**REQUIREMENT**
Once the line holding "Vintage 1980 Bally" is found in the entries below, transcribe exactly every line up to and including the one holding "New Floral Print", but leave out the pictures.

START INPUT MATERIAL

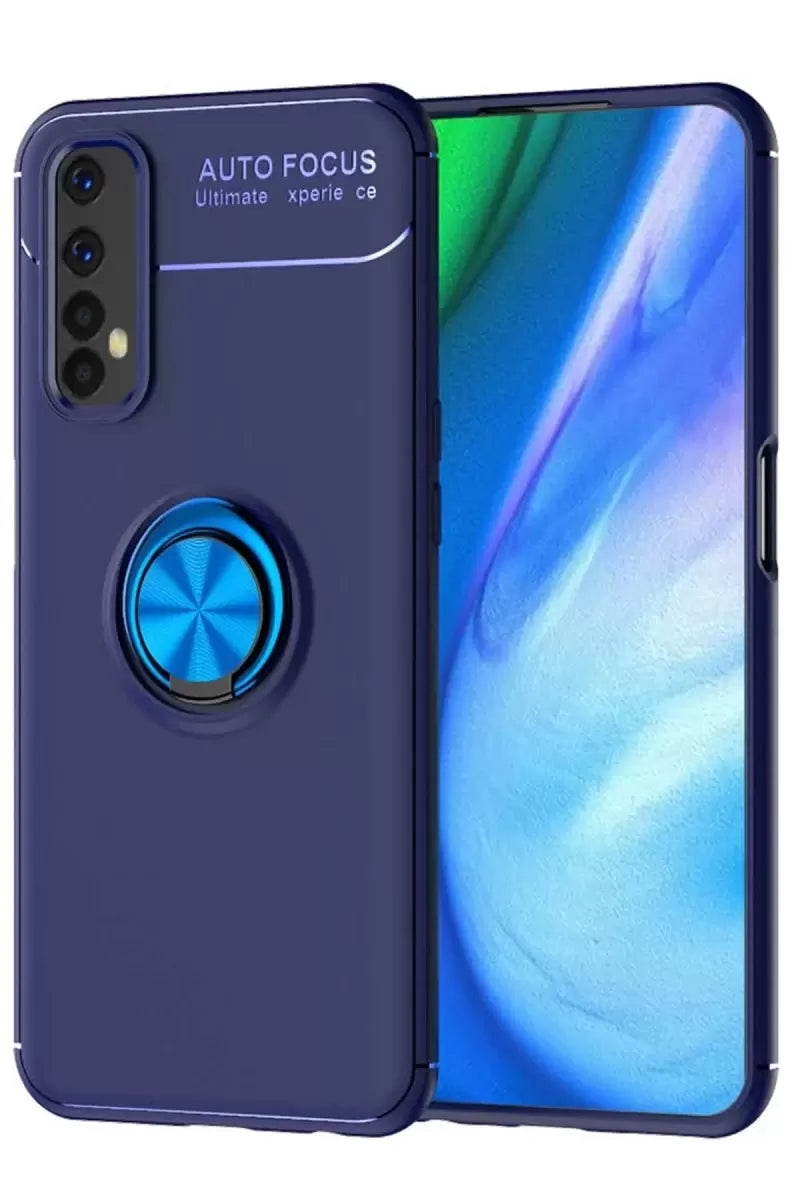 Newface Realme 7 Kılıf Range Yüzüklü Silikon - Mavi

END INPUT MATERIAL
START INPUT MATERIAL

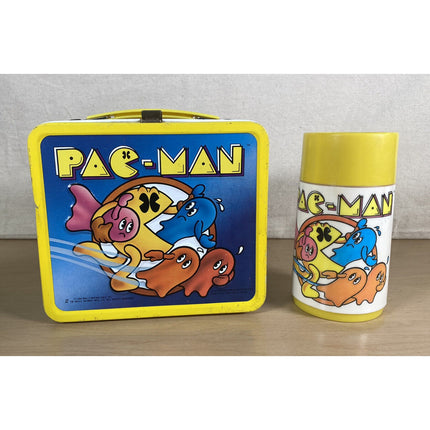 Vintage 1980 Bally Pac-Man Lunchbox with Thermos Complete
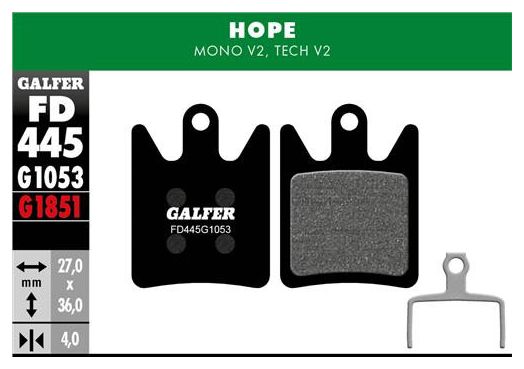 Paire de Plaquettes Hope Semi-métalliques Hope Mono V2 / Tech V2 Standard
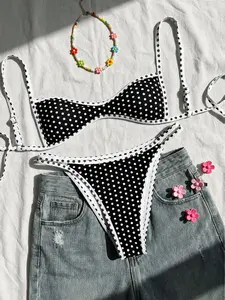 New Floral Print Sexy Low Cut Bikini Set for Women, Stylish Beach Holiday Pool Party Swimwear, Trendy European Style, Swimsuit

END INPUT MATERIAL
START INPUT MATERIAL

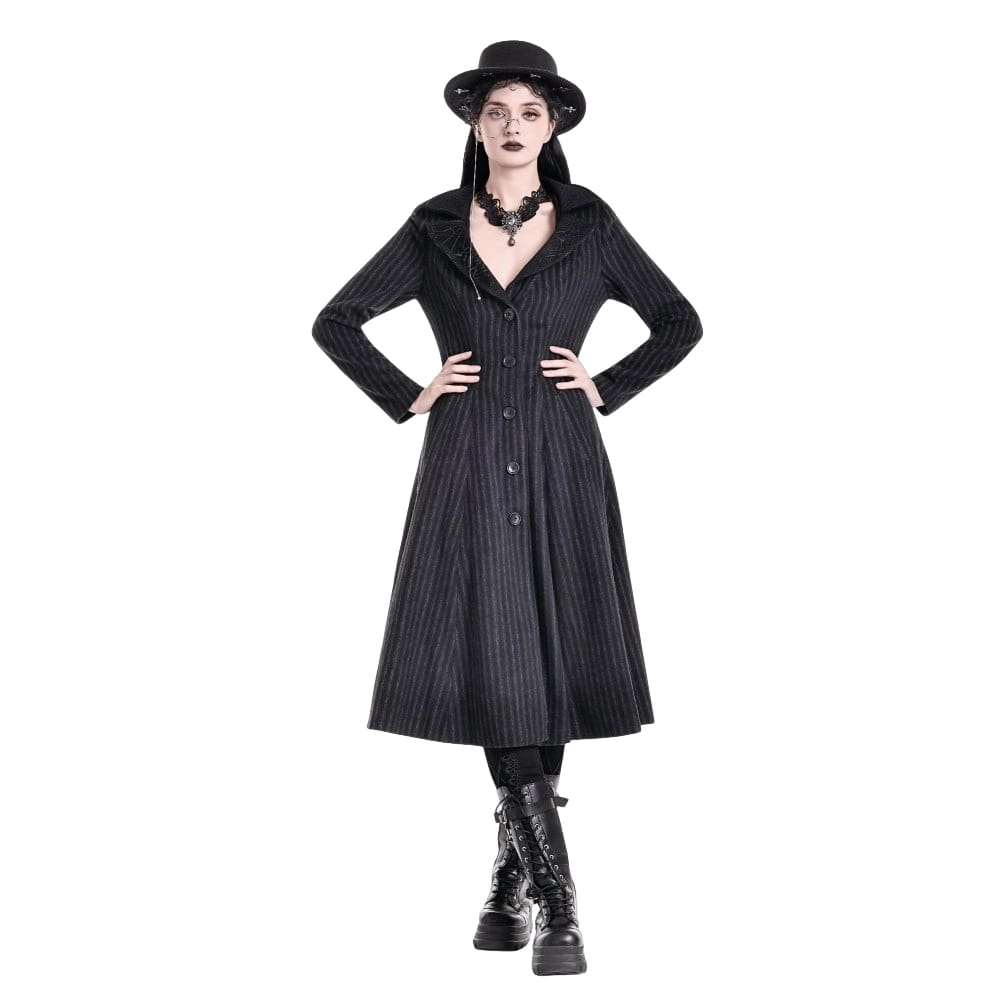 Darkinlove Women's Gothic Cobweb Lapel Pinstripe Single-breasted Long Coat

END INPUT MATERIAL

**ANSWER BOX**
 Vintage 1980 Bally Pac-Man Lunchbox with Thermos Complete
 Paire de Plaquettes Hope Semi-métalliques Hope Mono V2 / Tech V2 Standard
 New Floral Print Sexy Low Cut Bikini Set for Women, Stylish Beach Holiday Pool Party Swimwear, Trendy European Style, Swimsuit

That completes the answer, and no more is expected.